Waves…
They have a weird way, these waves, of telling stories to this young
hearted soul. I think to myself today…”Why
do I write, why do I pen down what I feel?”
After a lot
of thoughts that went through my head, one that really stuck out was “I don’t know”. I do not know why I
write, just as I do not know why I breathe. It’s I think this labyrinth of
emotions that we are always in which makes life interesting.
Today the waves are high, I see the ever so shining water, one that is always calm
and composed, to be playful today. Wave after wave as the waves hit the shore,
I see a splash of water as it breaks down into smaller little pearls.
I see no point in waking up the next day or in sleeping soundly either.

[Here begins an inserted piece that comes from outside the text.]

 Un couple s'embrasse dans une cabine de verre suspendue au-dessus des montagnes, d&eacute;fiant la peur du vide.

It’s as if I am cut loose from the past and the future, and the only things
that goes in my mind is the “present”…”This Moment”.

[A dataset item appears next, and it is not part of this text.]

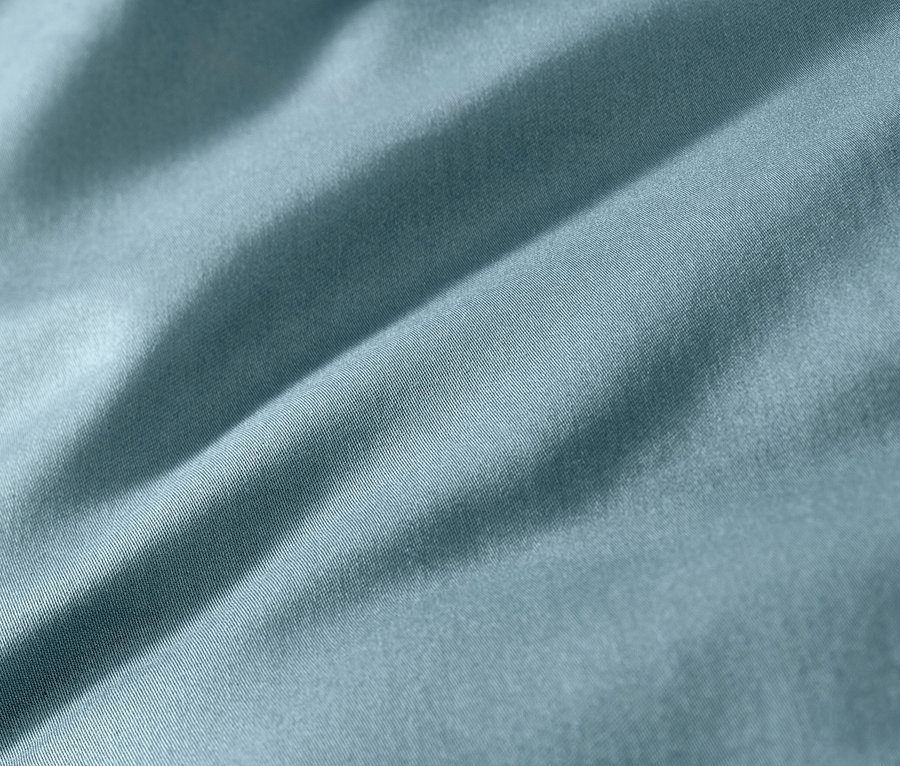 Gros plan d'une parure de lit bleu en satin de coton.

Will I be sitting at this same very place again? Would I have just 10
bucks in my pocket then or will I have something more? Will I be the same
person I am now, and if changed, will I still be looking up at myself and being
proud?
I see mistakes, of judgement, of character, most of which I would have
sailed my way past. The questions I ask myself is ‘Will I appreciate all or
most of what I appreciate now?’….Think people…..’Will You???’
Have I found
the answers of all these….’NO’
I am only
human…
But the time
will come when I will look back at what I had done and what I could do
and go into retrospection of all my actions.
Would I be with same girl? Would I have left the one girl who
loved me truly?
There is so
much to seek and so less time to take in and absorb, So use your time wisely!